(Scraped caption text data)

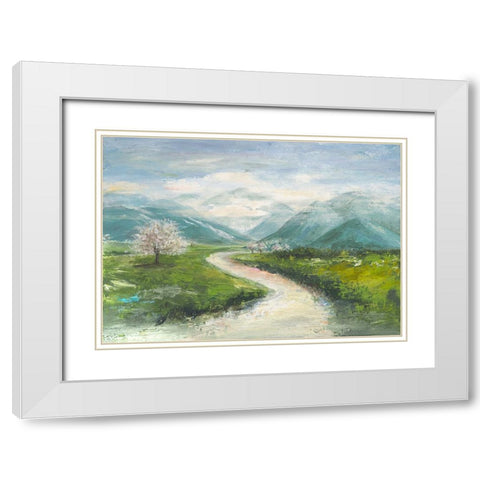 White River White Modern Wood Framed Art Print with Double Matting by Pinto, Patricia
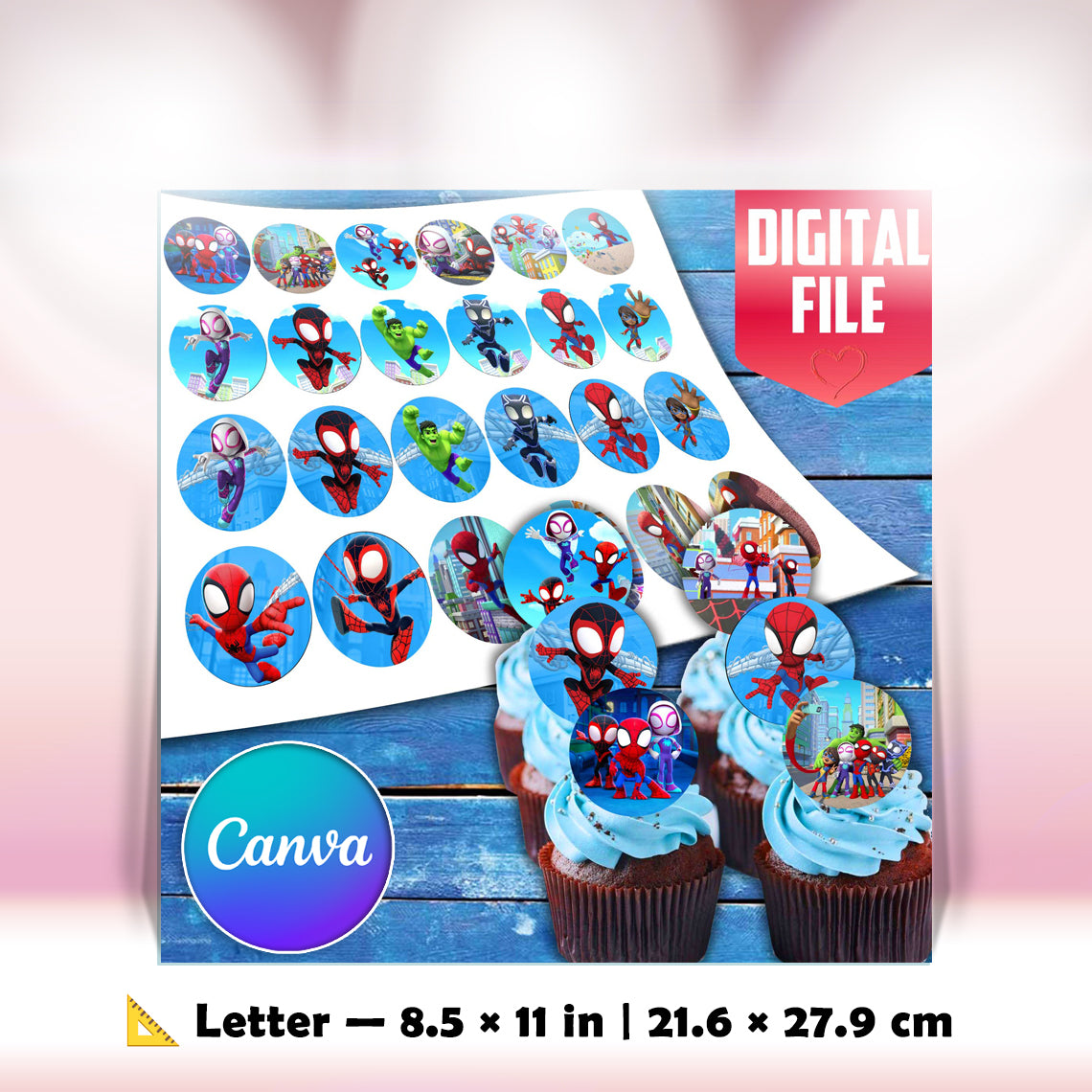 24 Spidey Edible Cupcake Toppers - Choose from Wafer Paper, Sugar Sheet, or Chocotransfer with No Cutting Required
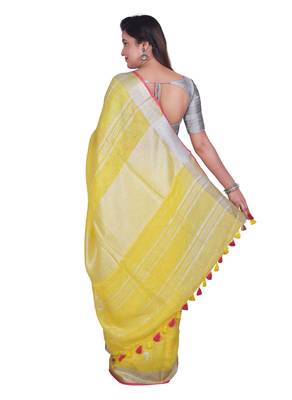 Handmade bhagalpuri embroidered linen saree with contrast border in yellowshade with blouse piece 3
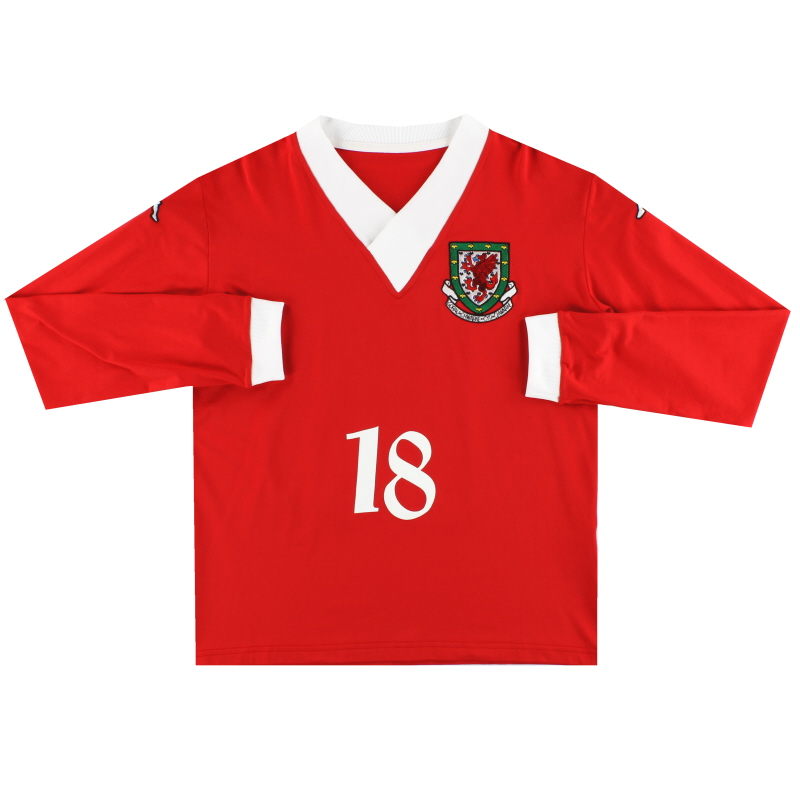 2006-08 Wales Kappa Player Issue Home Shirt #18 L/S *As New* XL - POO11414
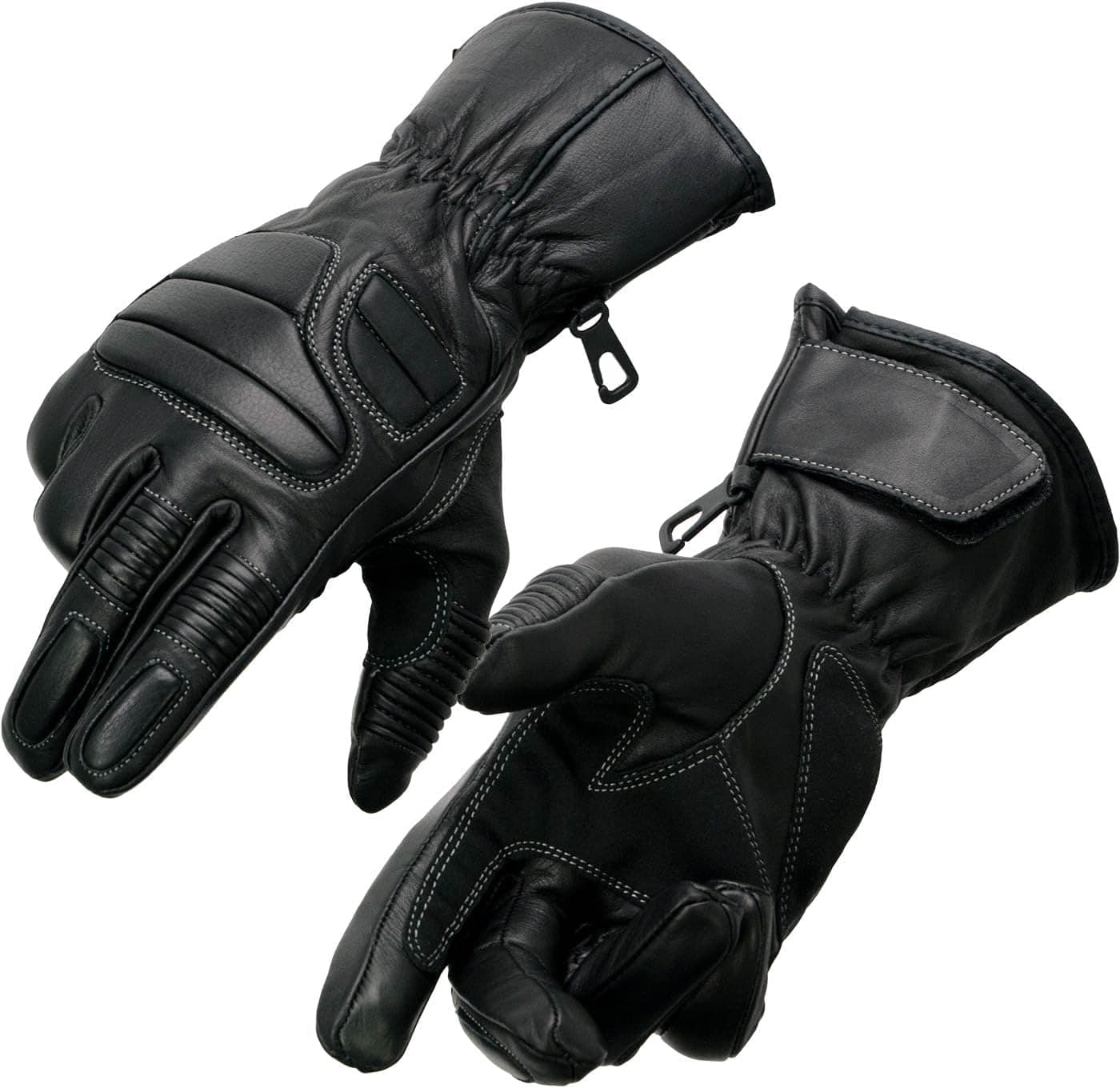 Milwaukee Leather SH607 Men's Black Leather Gauntlet Padded Back Racing Motorcycle Gloves with Reflective Piping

# [WORK REQUIRED]
Output, exactly and without pictures, the span of lines that starts at the line containing "2006-08 Wales Kappa" and ends at the last line above.

# [YOUR RESPONSE]
 2006-08 Wales Kappa Player Issue Home Shirt #18 L/S *As New* XL - POO11414
 Milwaukee Leather SH607 Men's Black Leather Gauntlet Padded Back Racing Motorcycle Gloves with Reflective Piping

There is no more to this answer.